The facts and empircal evidence prove this, so get over it. All the youtube, and forum "nay sayers" are just working for other companies and that is competition in the market. Or they are just parroting what the competition repeats as belief. My opinion is based on facts, reason and evidence. Not every army needs them nor does the internets trolls but the design works extremely well, so I would suggest the usual haters too just embrace it.
If you look at CC they built many guns to compete with the HK416 because they were lossing contracts in some key areas that a DI design although was adequate was not ideal, in the end it doesn't matter there is room for other system or weapon designs. The engineering done on the HK416 by Munch and Lav to name a few adressed those needs. The newer evolutions like the A5 have adapted to market demands as well.
All firearms companies like HK,Colt variations are largely produced to meet specific standards and requirements set out by militaries of Nato. HK has done that and more.
Just go out & get one. Buy them all boys, CC,lMT, DD, COLT USA,KAC, enjoy what the wonderfull world of ARs has to offer.
Colt was the first company to have a piston system platform back in 1969. It was the RO703 model also know as the M16A2. Piston systems are nothing new. HK is just trying to reinvent the wheel. I have had indepth conversion with Trey from KAC on this topic. I also talked to engineers from Colt and Colt Canada. The AR-15/M-16 platform is 60 years old. There have been 8,000,000 rifles built with 90% of them still in service.

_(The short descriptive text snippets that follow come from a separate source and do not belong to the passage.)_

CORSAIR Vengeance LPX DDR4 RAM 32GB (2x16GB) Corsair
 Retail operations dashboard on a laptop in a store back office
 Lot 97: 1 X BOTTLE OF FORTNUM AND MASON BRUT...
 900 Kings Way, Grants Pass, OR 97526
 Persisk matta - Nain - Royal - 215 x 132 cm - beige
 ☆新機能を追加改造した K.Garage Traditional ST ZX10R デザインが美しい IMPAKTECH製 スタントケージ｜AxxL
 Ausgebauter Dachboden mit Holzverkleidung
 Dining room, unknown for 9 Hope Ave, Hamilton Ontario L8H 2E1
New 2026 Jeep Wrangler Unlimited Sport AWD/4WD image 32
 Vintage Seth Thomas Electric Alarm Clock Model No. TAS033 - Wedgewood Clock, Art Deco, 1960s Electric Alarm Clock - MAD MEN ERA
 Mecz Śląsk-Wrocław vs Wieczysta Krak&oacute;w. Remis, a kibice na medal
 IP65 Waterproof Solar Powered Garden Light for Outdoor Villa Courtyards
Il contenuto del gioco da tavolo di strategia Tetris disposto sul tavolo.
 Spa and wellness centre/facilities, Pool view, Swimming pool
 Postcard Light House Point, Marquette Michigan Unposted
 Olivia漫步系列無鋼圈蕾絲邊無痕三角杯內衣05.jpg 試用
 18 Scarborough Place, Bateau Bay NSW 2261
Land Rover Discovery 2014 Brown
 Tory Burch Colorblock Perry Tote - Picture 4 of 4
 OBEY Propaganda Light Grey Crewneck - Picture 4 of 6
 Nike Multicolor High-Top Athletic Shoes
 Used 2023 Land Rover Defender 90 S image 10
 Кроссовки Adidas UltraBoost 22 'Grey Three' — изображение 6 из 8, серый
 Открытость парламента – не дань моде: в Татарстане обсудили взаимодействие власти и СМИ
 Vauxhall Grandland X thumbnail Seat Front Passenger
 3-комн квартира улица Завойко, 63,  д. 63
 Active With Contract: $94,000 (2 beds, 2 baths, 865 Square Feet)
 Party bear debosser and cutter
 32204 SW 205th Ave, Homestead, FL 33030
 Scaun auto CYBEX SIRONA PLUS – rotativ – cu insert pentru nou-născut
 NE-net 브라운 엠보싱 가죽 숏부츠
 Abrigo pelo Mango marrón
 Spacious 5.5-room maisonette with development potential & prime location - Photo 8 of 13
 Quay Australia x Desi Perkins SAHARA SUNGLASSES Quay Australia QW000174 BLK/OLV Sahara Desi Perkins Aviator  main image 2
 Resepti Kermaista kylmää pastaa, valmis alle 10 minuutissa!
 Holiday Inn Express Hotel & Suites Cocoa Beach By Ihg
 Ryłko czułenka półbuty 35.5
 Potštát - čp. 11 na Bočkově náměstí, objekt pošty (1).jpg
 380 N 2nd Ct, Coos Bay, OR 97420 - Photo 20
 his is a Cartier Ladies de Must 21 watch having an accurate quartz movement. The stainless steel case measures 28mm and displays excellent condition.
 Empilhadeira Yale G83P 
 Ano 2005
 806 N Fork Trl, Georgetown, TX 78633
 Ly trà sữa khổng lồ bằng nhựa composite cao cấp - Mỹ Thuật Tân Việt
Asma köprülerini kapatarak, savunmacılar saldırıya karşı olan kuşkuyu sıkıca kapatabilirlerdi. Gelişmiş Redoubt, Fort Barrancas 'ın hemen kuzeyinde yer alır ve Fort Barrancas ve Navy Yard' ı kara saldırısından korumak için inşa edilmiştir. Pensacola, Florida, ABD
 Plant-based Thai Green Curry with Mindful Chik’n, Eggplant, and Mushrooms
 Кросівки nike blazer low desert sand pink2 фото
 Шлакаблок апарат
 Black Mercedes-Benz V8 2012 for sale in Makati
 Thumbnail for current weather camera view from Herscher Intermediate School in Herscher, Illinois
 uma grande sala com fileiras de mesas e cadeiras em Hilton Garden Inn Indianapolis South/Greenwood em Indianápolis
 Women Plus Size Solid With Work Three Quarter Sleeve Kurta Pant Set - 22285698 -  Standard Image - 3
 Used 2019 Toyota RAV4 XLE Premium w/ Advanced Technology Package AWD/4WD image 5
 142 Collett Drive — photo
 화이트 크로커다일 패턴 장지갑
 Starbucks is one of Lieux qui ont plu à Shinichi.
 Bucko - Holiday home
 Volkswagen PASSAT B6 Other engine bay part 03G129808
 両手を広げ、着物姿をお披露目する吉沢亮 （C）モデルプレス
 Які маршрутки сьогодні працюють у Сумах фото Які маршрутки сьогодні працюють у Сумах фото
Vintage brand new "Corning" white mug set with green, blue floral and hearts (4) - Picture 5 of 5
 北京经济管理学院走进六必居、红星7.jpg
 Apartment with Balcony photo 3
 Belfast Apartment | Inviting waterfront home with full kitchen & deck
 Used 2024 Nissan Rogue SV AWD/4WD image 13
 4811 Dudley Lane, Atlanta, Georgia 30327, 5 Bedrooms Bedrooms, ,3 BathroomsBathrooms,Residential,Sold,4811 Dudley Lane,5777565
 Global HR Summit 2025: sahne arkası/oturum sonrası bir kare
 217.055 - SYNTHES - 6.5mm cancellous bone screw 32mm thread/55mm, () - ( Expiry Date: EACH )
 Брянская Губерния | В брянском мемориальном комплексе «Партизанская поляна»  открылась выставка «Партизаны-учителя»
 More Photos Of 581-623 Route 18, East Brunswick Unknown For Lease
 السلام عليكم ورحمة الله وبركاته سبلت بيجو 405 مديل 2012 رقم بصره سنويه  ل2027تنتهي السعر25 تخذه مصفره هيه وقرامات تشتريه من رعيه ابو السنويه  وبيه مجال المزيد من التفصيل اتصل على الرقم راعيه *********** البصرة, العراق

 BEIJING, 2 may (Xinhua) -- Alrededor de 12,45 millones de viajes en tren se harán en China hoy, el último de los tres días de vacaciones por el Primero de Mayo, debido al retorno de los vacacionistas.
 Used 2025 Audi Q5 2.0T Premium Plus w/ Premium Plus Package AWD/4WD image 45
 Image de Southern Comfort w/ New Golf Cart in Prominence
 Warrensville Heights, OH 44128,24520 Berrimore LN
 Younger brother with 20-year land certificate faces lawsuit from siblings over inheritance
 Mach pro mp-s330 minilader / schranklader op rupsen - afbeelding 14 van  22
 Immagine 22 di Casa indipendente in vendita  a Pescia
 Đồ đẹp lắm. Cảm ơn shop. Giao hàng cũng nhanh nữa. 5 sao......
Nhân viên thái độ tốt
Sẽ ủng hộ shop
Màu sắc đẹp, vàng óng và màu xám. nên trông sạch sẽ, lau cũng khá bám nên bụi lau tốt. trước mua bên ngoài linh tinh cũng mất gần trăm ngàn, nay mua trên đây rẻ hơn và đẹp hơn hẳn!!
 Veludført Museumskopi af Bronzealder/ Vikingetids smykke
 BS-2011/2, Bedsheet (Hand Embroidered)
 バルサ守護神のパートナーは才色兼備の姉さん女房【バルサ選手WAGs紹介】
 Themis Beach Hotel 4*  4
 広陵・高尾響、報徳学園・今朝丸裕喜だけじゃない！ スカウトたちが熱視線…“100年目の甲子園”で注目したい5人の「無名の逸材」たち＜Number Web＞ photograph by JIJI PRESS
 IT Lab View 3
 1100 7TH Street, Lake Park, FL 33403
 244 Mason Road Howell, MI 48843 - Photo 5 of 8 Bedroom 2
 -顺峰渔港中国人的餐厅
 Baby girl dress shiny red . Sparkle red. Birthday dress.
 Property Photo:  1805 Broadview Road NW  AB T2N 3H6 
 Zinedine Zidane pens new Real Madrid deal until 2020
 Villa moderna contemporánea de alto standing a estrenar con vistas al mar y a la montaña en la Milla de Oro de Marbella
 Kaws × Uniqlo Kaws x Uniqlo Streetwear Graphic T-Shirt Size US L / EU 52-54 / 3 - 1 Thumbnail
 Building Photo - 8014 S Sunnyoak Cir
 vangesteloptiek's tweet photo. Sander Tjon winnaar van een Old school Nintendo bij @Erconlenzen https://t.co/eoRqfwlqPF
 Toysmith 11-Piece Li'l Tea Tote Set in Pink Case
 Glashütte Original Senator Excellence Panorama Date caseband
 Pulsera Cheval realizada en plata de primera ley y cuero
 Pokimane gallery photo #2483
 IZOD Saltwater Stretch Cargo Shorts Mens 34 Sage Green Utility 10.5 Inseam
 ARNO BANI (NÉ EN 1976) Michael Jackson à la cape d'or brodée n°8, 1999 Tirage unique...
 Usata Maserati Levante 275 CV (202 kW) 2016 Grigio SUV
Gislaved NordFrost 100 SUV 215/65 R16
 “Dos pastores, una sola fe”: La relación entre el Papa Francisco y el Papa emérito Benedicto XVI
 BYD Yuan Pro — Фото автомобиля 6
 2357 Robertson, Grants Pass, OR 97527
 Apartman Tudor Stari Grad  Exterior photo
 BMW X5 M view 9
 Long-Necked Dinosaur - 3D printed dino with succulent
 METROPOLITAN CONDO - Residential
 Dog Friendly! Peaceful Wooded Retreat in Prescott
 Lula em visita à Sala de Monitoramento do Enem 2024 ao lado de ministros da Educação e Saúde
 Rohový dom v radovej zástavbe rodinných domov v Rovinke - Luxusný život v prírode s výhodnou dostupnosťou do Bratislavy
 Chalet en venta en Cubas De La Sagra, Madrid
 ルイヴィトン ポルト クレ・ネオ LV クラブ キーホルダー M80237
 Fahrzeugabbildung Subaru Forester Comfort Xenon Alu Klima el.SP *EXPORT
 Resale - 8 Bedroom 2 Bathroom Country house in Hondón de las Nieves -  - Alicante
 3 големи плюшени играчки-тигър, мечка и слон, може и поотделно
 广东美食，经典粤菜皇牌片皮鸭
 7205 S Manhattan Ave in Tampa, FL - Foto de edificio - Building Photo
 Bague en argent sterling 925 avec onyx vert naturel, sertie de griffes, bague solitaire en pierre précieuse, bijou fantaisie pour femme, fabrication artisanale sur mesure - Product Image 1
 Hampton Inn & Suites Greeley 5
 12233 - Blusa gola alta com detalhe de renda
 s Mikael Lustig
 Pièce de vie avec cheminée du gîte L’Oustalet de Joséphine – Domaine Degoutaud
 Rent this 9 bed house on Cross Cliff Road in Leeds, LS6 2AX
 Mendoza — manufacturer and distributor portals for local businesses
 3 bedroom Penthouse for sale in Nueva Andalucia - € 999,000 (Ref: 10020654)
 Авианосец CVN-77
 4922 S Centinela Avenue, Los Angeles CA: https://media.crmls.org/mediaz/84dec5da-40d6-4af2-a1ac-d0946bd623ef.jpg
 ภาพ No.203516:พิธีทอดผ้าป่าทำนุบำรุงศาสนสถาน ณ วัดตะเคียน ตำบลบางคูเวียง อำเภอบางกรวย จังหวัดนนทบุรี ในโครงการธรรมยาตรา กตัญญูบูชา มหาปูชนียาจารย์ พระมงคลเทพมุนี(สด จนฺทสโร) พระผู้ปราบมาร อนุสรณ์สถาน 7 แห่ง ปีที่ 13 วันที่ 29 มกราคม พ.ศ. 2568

Here's Reed Knight's 2cents:
The major thing that we’ve seen with pistons is the bolt cracking of the locking lugs at maybe a higher rate than what we think it should be. The gas piston system does not help that issue, and it exacerbates the bolt cracking. If you take the things that were allowed to be done to improve the gun, such as some of the things that they’ve done for the HK 416, if they were allowed to do that or do some product improvements on the M4, the M4 itself I believe could have a higher reliability in its own design. Unfortunately, there are some things that you help when you go to the piston-driven upper, but there’s also some things that you don’t help. One of the major things is that in a gas impingement system, when the gas pressurizes the chamber in the bolt carrier, it actually pushes the bolt forward, and that pushing of the bolt forward, as it unlocks, takes a good amount of load off the back of the locking lugs as it’s unlocking.
That system allows you to have a less stress on the locking lugs while it’s unlocking.
The gas impingement system is pushing back on the bolt carrier, evenly from the inside, and pushing forward on the bolt relieving the rearward pressure on the lugs. With a piston, as you’re pushing back on the bolt carrier, you not only have tilting pressure which is uneven, it’s pulling the bolt backwards, which adds more load to the locking lugs of the bolt as the bolt carrier’s going to the rear, and the faster you drive it to the rear, the worse off it is. If you use an M4 in its conventional barrel length, which is 14-1/2 inches, I don’t think a piston gives you any advantage over a gas impingement gun. I think that an M4 in a 14-1/2 inch barrel is just as reliable as a piston gun with the 14-1/2 inch barrel. The gas piston has added different problems.